Yesterday we observed what appear to be unrelated incidents in us-west-2 (Oregon) and eu-central-1 (Frankfurt) that gave a number of AWS customers a run for their money as provisioning times of several core services rose to unacceptable levels. It occurred to me that an element of "common wisdom" may not be nearly as common as some of us believe. A cursory check of the internet didn't show much along these lines, so I figured I'd write down my thoughts and see what the community thought.
Things you should know about Disaster Recovery in AWS
- AWS regions have separate control planes, which generally serve to isolate faults to particular regions. That's why we don't see global outages of DynamoDB, but rather region-specific outages of particular services. That said, if us-west-2 has an issue, and your plan is to fail over to us-east-1, you should probably be aware that more or less everyone has similar plans. You'll be in very good, very plentiful company. That said, some services still appear to have control planes homed through us-east-1. For instance, during last year's S3 outage in the US east region, other regions worked fine--but you couldn't provision new buckets until the issue had passed.
- AWS regions can take sudden inrush of new traffic very well; they learned these lessons back in the 2012 era. That said, you can expect provisioning times to be delayed significantly. If your recovery plan includes spinning up EC2 instances, you can expect that part of your build to take the better part of an hour in some cases.

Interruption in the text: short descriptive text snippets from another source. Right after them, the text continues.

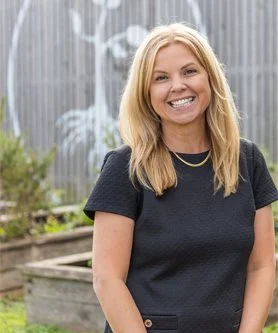 A woman with blonde hair wearing a black shirt, smiling outdoors in front of a concrete wall with plants.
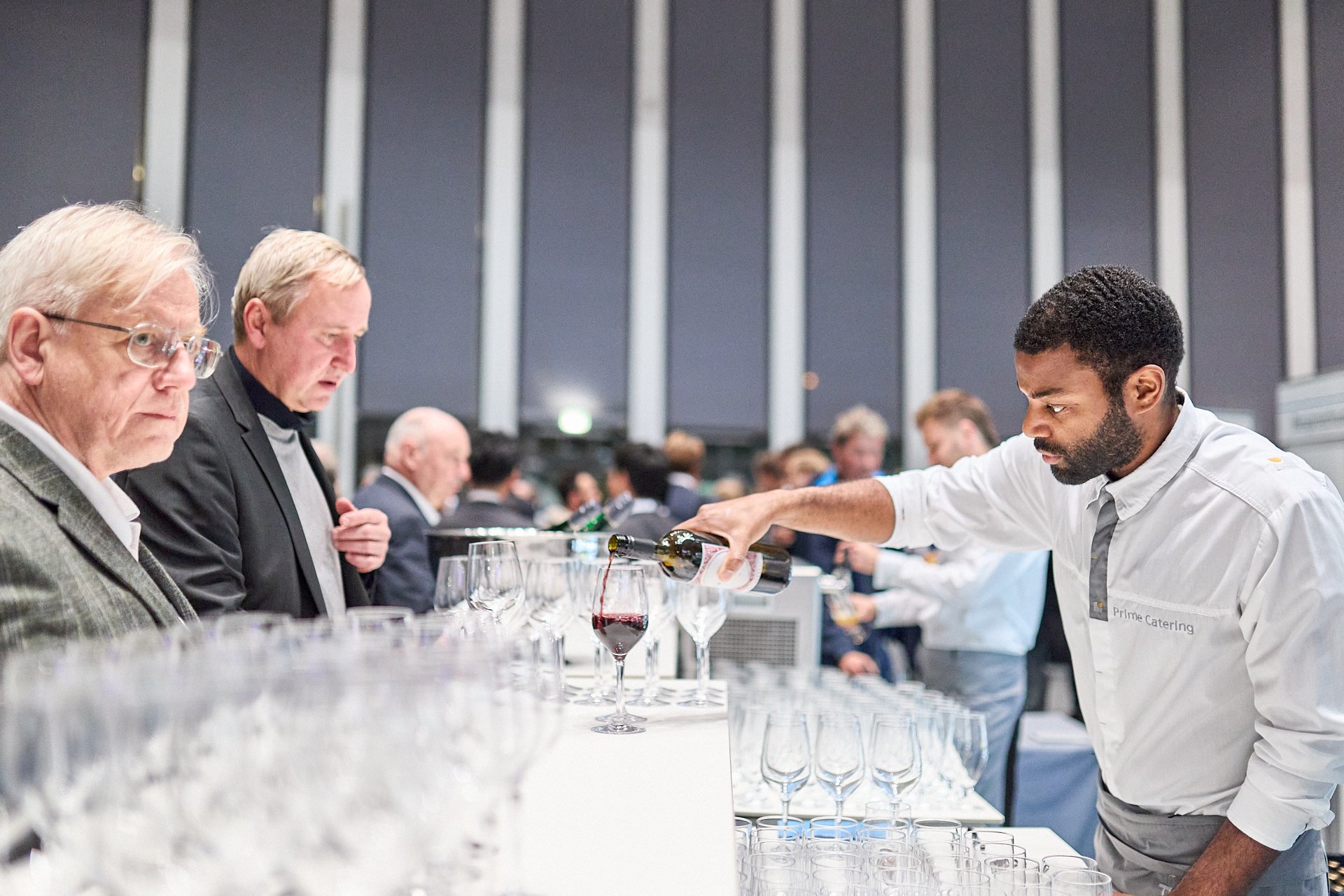 Mann beim Weinverkostung im Trinklabor, während weitere Personen im Hintergrund sitzen.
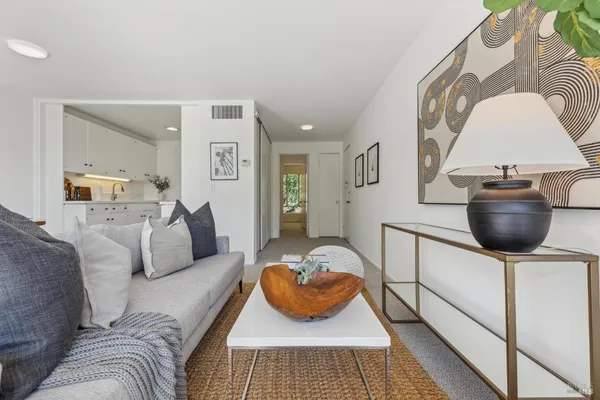 a living room with furniture and a couch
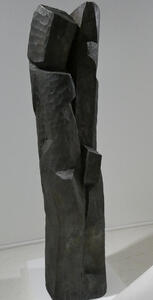 Roughly columnar black stone sculplture.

- While a number of naive cost-cutting tools will suggest turning off idle instances, if you're going to need to sustain a sudden influx of traffic in a new region you're going to want those instances spun up and waiting; any DR strategy that depends upon the ability to rapidly provision new instances (including as part of autoscaling groups) is likely to end up causing you grief in the event of an actual outage.
None of these are immediately obvious-- and they aren't at all apparent during your standard DR tests. These issues only crop up amid outages that have everyone exercising their DR plans simultaneously.
Disasters are hard; plan accordingly.